30 janv. 2023

151e devoir de « Lakevio du Goût », lundi 30 janvier 2023

Proposition de M. le Goût des Autres : Cette toile d’Adela Burdujanu montre l’allée d’un parc un jour de printemps. Ce doit être l’approche du printemps qui me dit que cette toile ferait un chouette « Devoir de Lakevio du Goût ». C’est du moins ce qui m’a poussé à vous le proposer. Nous avons tous, j’en suis sûr, quelque chose à dire sur la fin de l’hiver ou les premiers soleils « efficaces ».

Nous avons tous un jardin ou un parc préféré, celui qui nous a vus, assis si ce n’est « avachis » sur une chaise. Nous avons alors, soit un livre sur les cuisses, soit, comme disait Lakevio « L’œil balayant ». Le regard attaché à un texte ou à l’affût d’un spectacle intéressant ou attendrissant. Je le sais, vous avez toutes et tous quelque chose à dire sur une allée de parc à l’orée du printemps. Alors à lundi, lectrices chéries et trop rares lecteurs chéris…
 

Rêverie amoureuse

Aujourd’hui c’est jeudi et ma journée de repos. J’ai quitté mon costume trois pièces de responsable de la sécurité au Grand Hôtel de la Plage et revêtu ma tenue de sport. Levé tôt, je reviens de l’océan où j’ai nagé deux heures comme je le fais régulièrement pour entretenir ma forme. Cheveux encore humides, je profite des rayons chauds du soleil pour sortir dans le parc.
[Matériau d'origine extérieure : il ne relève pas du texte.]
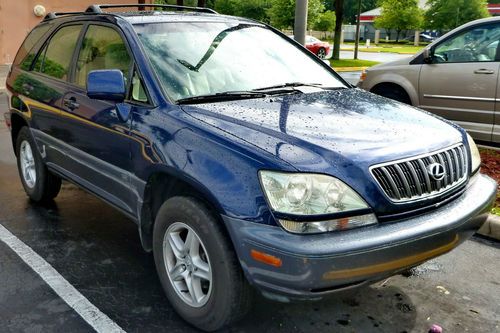 2001 lexus rx300 fwd *** excellent condition *** full towing package, no reserve
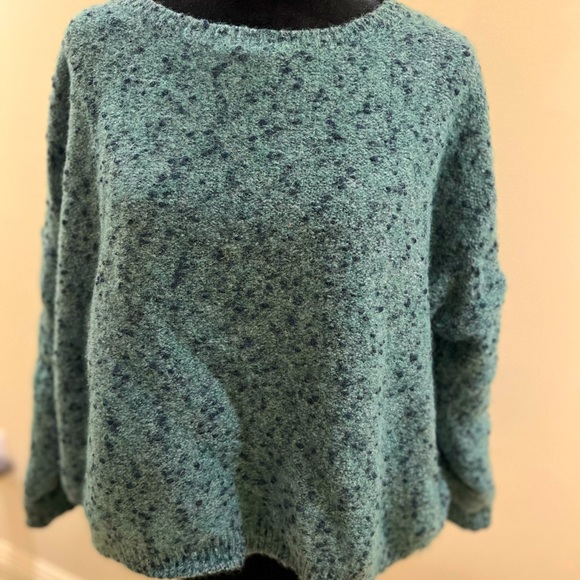 Cristina Gavioli knitwear sweater. Crew neck. Sage green/Navy. Fits size M/L - Picture 2 of 5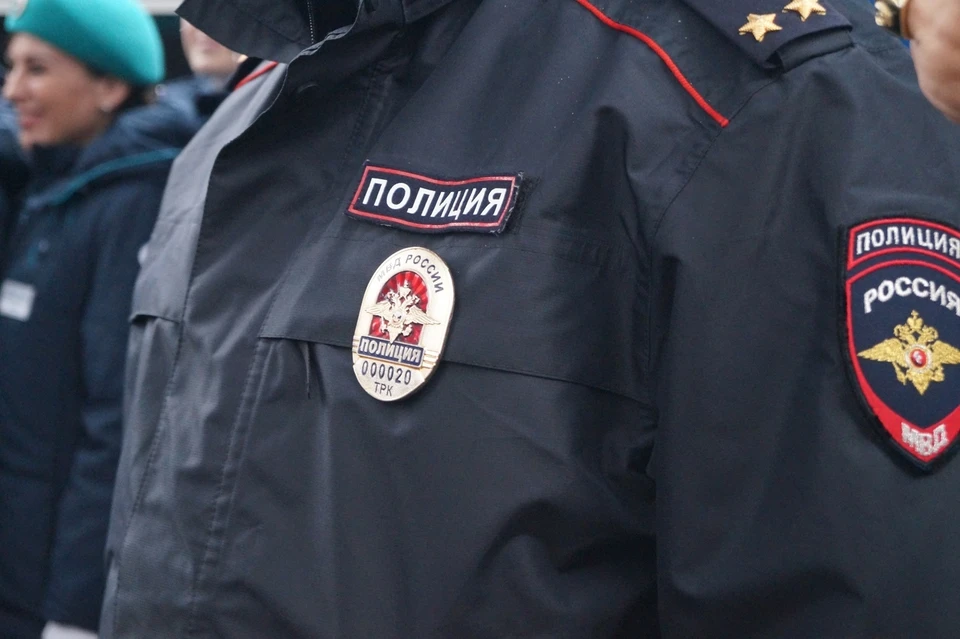 Когда деньги кончились, туристы из Ростова и симферополец решили кого-нибудь ограбить.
Je pensais être tranquille mais le jardin fourmille de vacanciers. Je peine à trouver une chaise disponible lorsque trois personnes quittent leur place, je m’installe pour lire la presse. Quelques instants plus tard, mes yeux se ferment et mon esprit dérive

Je songe à cette touriste arrivée seule, dimanche… que je croise matin et soir lorsqu’elle part et revient de ses excursions. Environ la cinquantaine comme moi… elle est svelte, élancée, élégante, gracieuse ; je la trouve magnifique ! ses longs cheveux noirs sont sublimés par une barrette avec trois fleurs rouges entourant son visage bruni, magnifié par l’air marin ; nez fin, lèvres ourlées de rose... lorsque son regard pervenche me fixe, j’en frémis à chaque fois ; il émane d’elle une aura magnétique. Elle s’appelle Marie… Pour tout vous dire, je pense à elle sans cesse, j’en rêve la nuit…

Ce matin, elle partait en croisière pour la journée. Après un signe amical, elle m’a indiqué : « à ce soir ». N’est-ce pas elle, là, traversant au fond du parc ? le voyage aurait-il été annulé ? elle disparaît derrière les arbres. Hier dans la soirée, il m’avait semblé reconnaître son allure souple, cheveux flottant au vent, marchant vers la roseraie… Le soir elle me disait « être rentrée tard », je m’en étais étonné, elle m’avait souri, répondant qu’elle « se dédoublait »… Cette femme m’obsède.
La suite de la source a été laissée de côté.